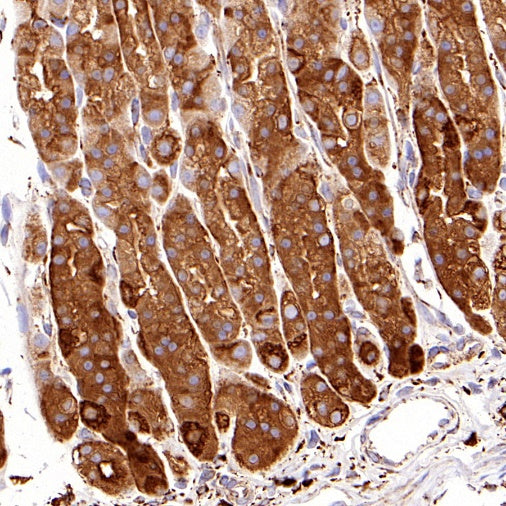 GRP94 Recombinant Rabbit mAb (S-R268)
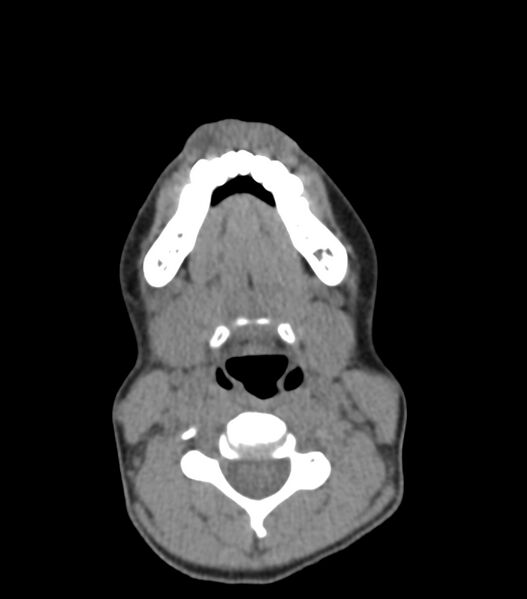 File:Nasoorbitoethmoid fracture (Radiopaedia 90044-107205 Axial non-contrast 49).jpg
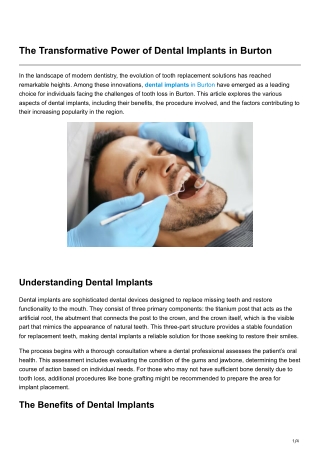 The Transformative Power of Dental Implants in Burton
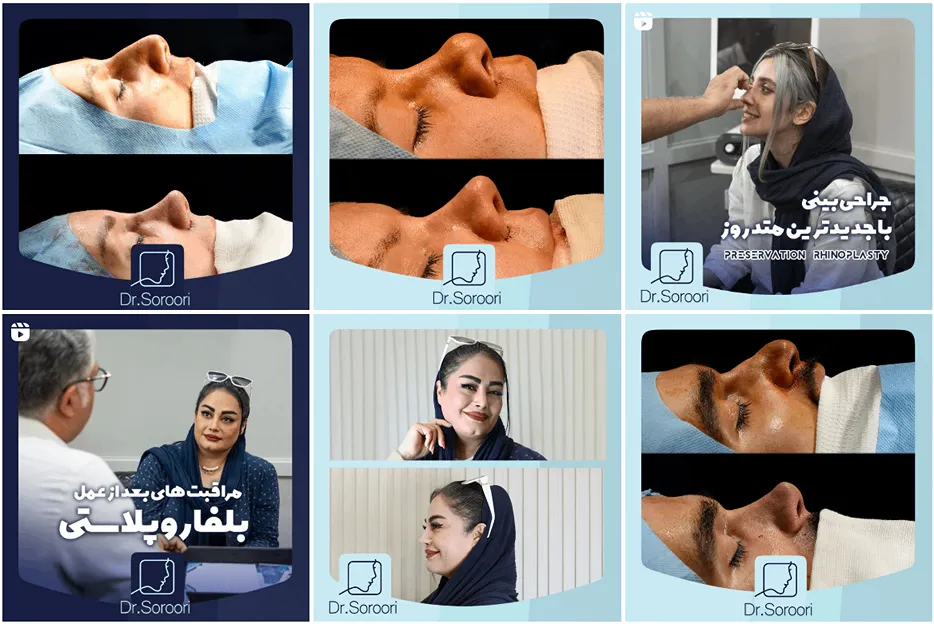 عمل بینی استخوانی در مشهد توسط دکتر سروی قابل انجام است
--
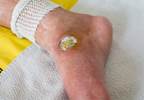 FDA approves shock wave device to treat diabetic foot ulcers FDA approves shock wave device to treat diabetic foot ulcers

◆ PROBLEM REQUIREMENTS ◆
Word for word, repeat the lines above from the one with "File:Nasoorbitoethmoid fracture (Radiopaedia" through the one with "عمل بینی استخوانی", and nothing beyond them. Omit the pictures.

◆ EXERCISE SOLUTION ◆
 File:Nasoorbitoethmoid fracture (Radiopaedia 90044-107205 Axial non-contrast 49).jpg
 The Transformative Power of Dental Implants in Burton
 عمل بینی استخوانی در مشهد توسط دکتر سروی قابل انجام است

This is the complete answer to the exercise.